Available data →
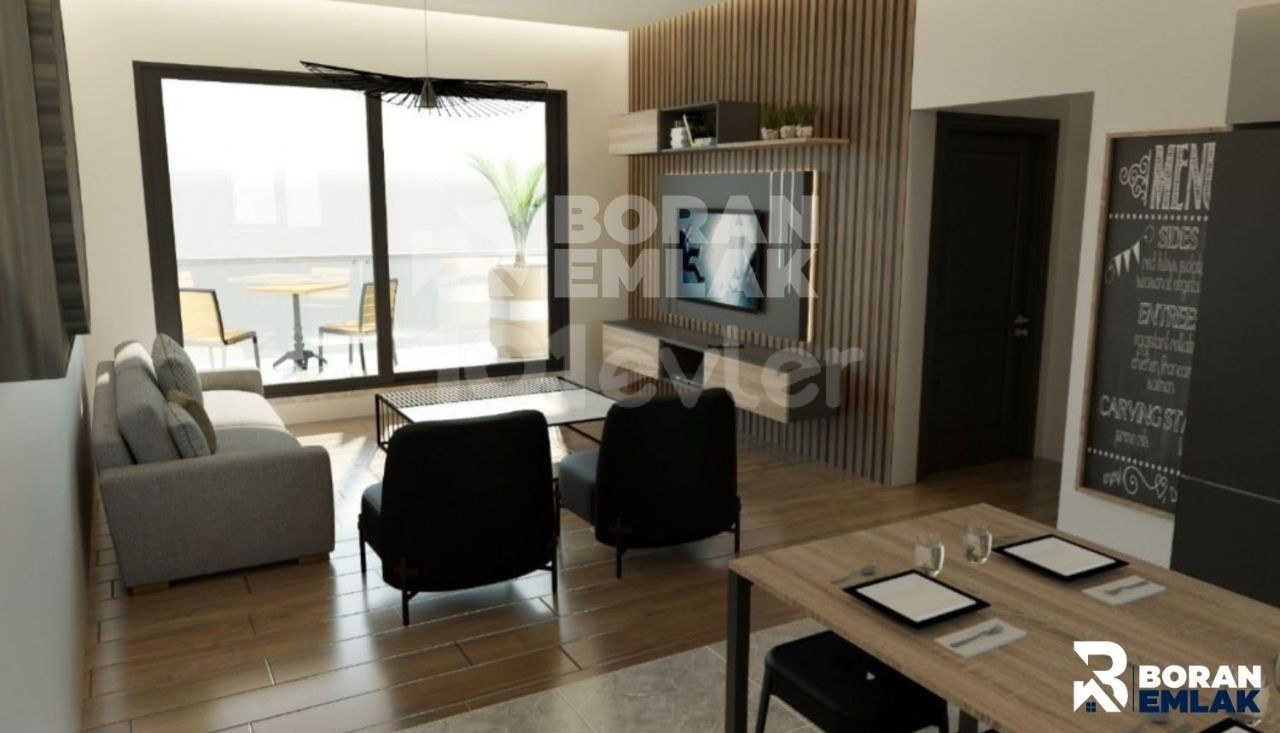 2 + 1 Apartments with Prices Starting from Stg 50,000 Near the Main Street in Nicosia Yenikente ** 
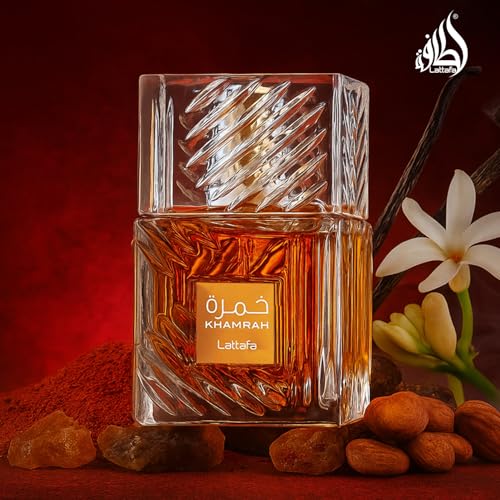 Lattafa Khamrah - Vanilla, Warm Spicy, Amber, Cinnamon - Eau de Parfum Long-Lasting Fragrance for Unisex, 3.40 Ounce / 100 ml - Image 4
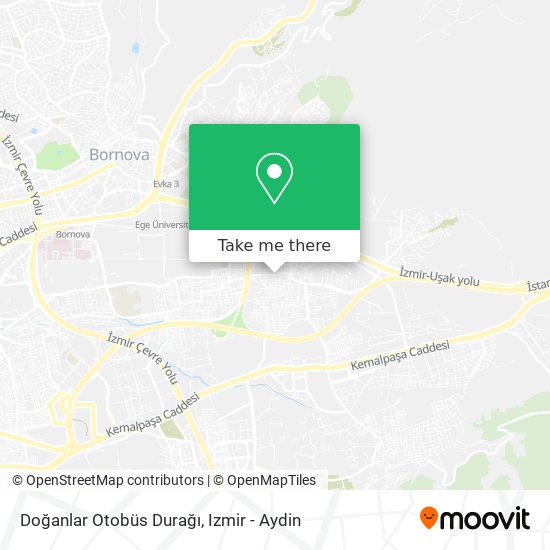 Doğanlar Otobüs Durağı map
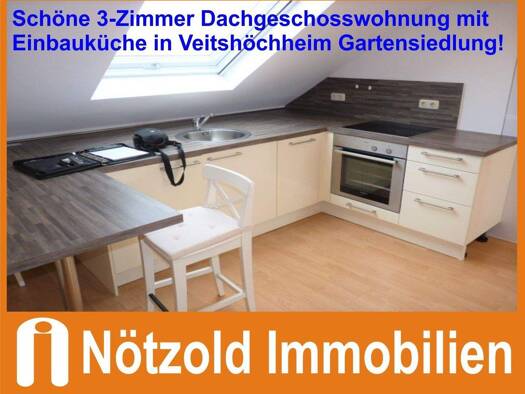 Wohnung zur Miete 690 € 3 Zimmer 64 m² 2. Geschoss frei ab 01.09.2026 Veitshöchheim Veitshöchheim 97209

Directions for this task → Return all of the data exactly as written, and drop the pictures.

Exercise solution →
 2 + 1 Apartments with Prices Starting from Stg 50,000 Near the Main Street in Nicosia Yenikente ** 
 Lattafa Khamrah - Vanilla, Warm Spicy, Amber, Cinnamon - Eau de Parfum Long-Lasting Fragrance for Unisex, 3.40 Ounce / 100 ml - Image 4
 Doğanlar Otobüs Durağı map
 Wohnung zur Miete 690 € 3 Zimmer 64 m² 2. Geschoss frei ab 01.09.2026 Veitshöchheim Veitshöchheim 97209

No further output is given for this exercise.